Each son, when the time is ripe, must marry his own plan of life, leave the family which created him, educated and brought up, to form another family, where, in a new home, sharing joys, sorrows and moments of life. In this sense, the term “family” extends to all the people who share and participate in the same project of life. It may be a new family, a community or a religious order: these are brothers who are living the same mission. In the today’s gospel Jesus is at home with his disciples, perhaps he is explaining the mysteries of the kingdom, which he describes only by parables to those who are out. At a certain point in time, someone says to him: “Behold, your mother and your brothers are standing outside, asking to speak with you”. The text does not say why they are looking for him, however, the presence of his mother makes us thinking that it is certainly not to dissuade him from his mission, which Mary has shared and prepared since Jesus was a child. However, he perceives that voice as the risk of a reference to the “common sense”, which is always understood as an invitation to reflect, to postpone and to think again. And thus he answers: “Here are my mother and my brothers. For whoever does the will of my heavenly Father, is my brother, and sister and mother”. By this sentence Jesus does not want to state that Mary has not done the will of God – it would be impossible to be supported! -; he only means that his new brothers are those who share, day after day, his plan of life.
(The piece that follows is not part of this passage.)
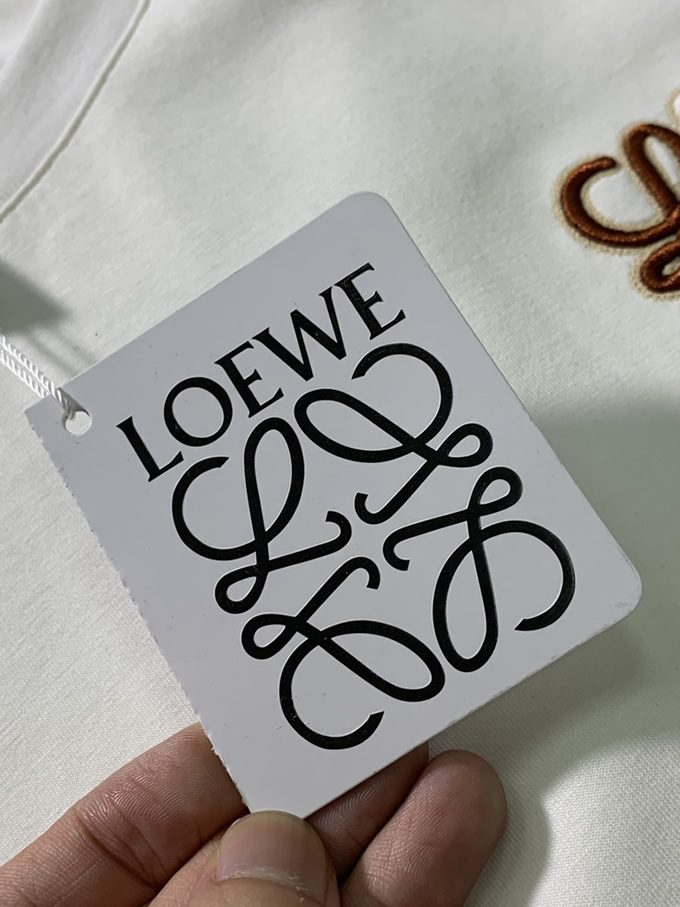 ロエベ アナグラム刺繍 セットアップ ホワイト FS474 - 画像 (7)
It is good, however, to ask what is that common sense, from which Jesus keeps so firmly apart. In the important decisions of the life, the “human common sense” is that mental attitude which is likely always risking to oppose to the “wisdom of God” because – as st. Paul says (1Cor 3,19) – “the wisdom of this world is foolishness in the eyes of God”. The common sense, this species of sedimentation of the wisdom of the people, which is often expressed through proverbs, at certain times becomes an excess of caution: rather than move us to action, it hampers us to the “inaction”. There are moments in the life where the folly is wiser than the common sense. Pascal expresses this concept with the famous thought: “The heart has its reasons which the reason does not intend”.